Ma alla Conferenza è giunta anche la notizia della morte del tenace e coraggioso dissidente russo Alexey Navalny, oppositore di Putin e del suo regime. La sua tragica e inquietante scomparsa ha dato tutta la misura del sistema di atrocità di quel regime, che non ammette dissidenza o opposizione e di un Putin deciso ad andare senza rivali ad una “competizione” elettorale già barbaramente vinta. Un pericolo e una prospettiva provenienti dalla Russia che l’Occidente e le sue democrazie non possono permettersi.
Per quanto riguarda in particolare, la nostra Unione Europea, il tema della difesa è diventato inoltre sempre più sensibile e discusso anche dopo le minacciose dichiarazioni del candidato in pectore alla Casa Bianca, Donald Trump. Se da una parte, la sua possibile rielezione lascia intravedere tutti i pericoli che corre la democrazia americana, dall’altra le sue dichiarazioni o intenzioni prendono in ostaggio anche il ruolo della NATO per la difesa europea e alimentano il dibattito sulla necessità di difesa comune UE. Cosa alla quale l’Unione sta rispondendo avviandosi verso un rafforzamento e un coordinamento delle sue forze militari.

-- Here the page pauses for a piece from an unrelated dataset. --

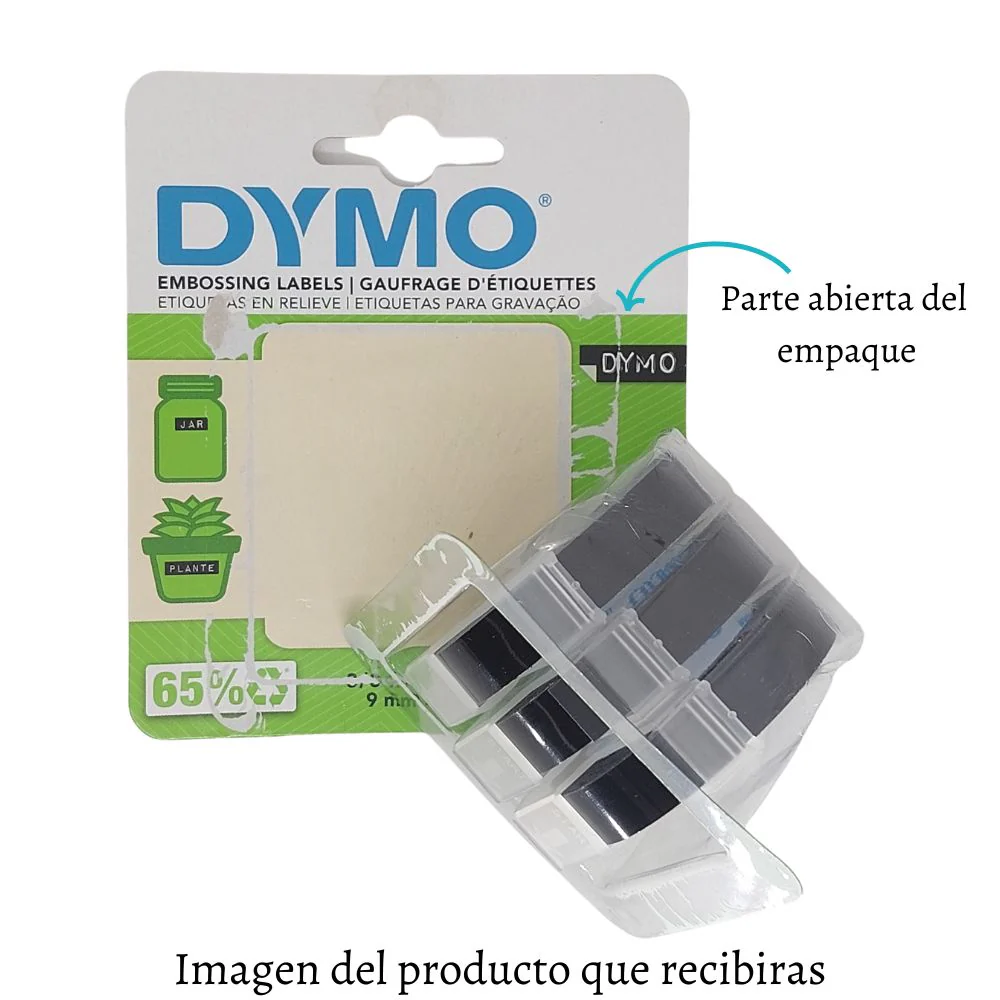 EA - Black Caption Maker Tape Refill / Cintas de Repuesto Negras para Rotuladora de Frases - Imagen 3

Se i confini orientali dell’Unione sono in fiamme, anche la di là del Mediterraneo, in Medio Oriente, infuria un’altra devastante guerra. A Monaco la parola pace si è fermata alla richiesta di una tregua, ben prima di un cessate il fuoco. A Gaza, dopo tre mesi di conflitto, l’intervento di Israele, in risposta all’orrendo attacco di Hamas del 7 ottobre scorso, sta mettendo in pericolo la sopravvivenza di un’intera popolazione senza via di fuga. Il futuro dell’intera regione è in sospeso e malgrado l’intenso e discreto lavoro diplomatico, sembra sempre più fragile e irrealizzabile l’antico progetto di convivenza pacifica fra due popoli, due Stati. Un progetto per il futuro evocato a Monaco con la timidezza della rassegnazione.
Due guerre lontane fra loro, ma le cui ricadute si incrociano in modo inquietante a livello globale, come dimostra l’invito di Putin a 14 fazioni palestinesi, fra cui Hamas e la Jihad Islamica, a partecipare a Mosca ad una conferenza inter-palestinese, prevista per la fine di febbraio.